> **What the task asks**:
Scan the listing below for the string "have" and copy each line where it turns up.

> **Supplied material**:
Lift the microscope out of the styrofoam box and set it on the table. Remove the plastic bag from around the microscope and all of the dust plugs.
* * *
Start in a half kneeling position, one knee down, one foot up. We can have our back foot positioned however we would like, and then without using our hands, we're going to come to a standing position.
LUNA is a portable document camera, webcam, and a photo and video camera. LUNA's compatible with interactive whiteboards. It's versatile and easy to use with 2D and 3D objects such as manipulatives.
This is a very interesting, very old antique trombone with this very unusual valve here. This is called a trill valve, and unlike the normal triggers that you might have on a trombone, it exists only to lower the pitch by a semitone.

> **Written solution**:
Start in a half kneeling position, one knee down, one foot up. We can have our back foot positioned however we would like, and then without using our hands, we're going to come to a standing position.
This is a very interesting, very old antique trombone with this very unusual valve here. This is called a trill valve, and unlike the normal triggers that you might have on a trombone, it exists only to lower the pitch by a semitone.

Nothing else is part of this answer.